(GOAL OF THE EXERCISE):
Give exactly the lines from the one that contains "2018 Nissan Sentra" through the end of the entries below, both included; the pictures stay out.

===== SOURCE MATERIAL =====

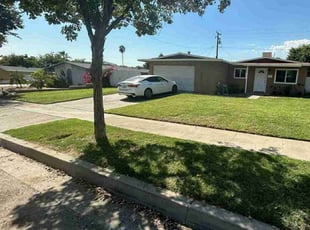 Ebonie T.'s Yard Cutting service result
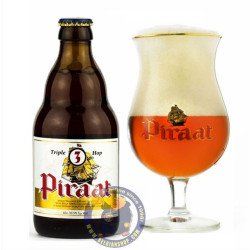 Piraat Triple Hop 10.5° -13L - BelgianShop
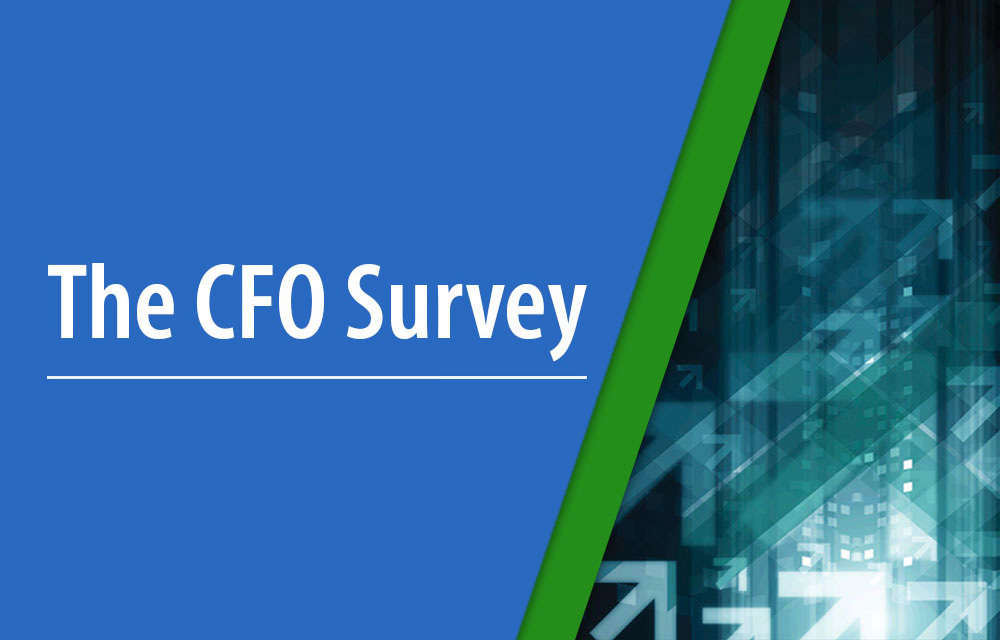Logo for the CFO Survey.
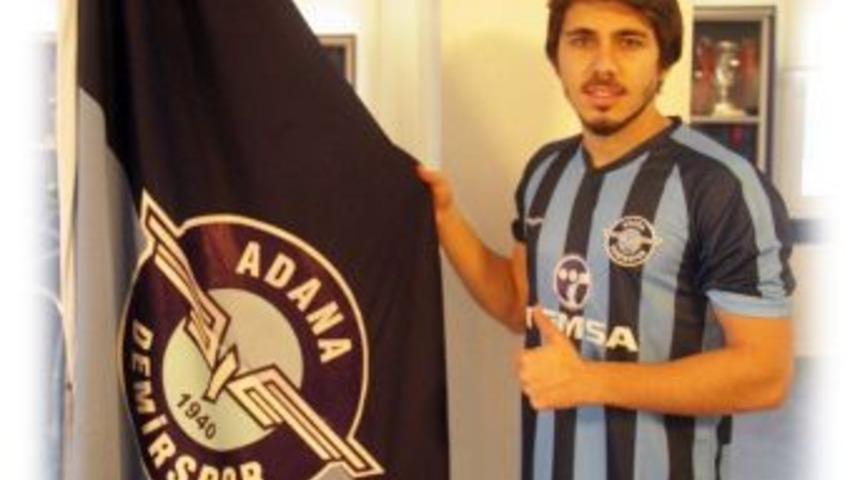 &Ouml;mer Kandemir Adana Demirspor&rsquo;da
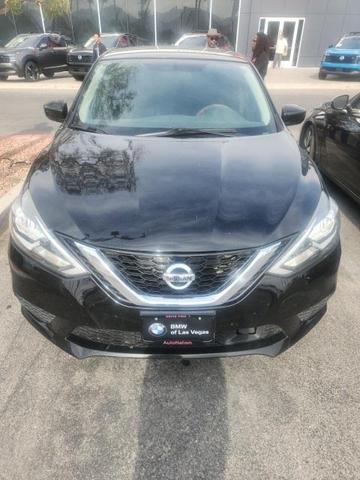 2018 Nissan Sentra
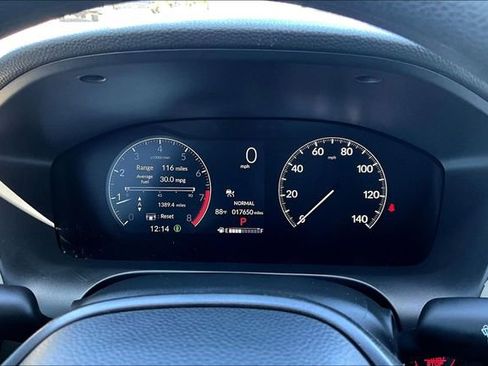 Used 2025 Honda HR-V LX image 12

=====

(THE ANSWER):
 2018 Nissan Sentra
 Used 2025 Honda HR-V LX image 12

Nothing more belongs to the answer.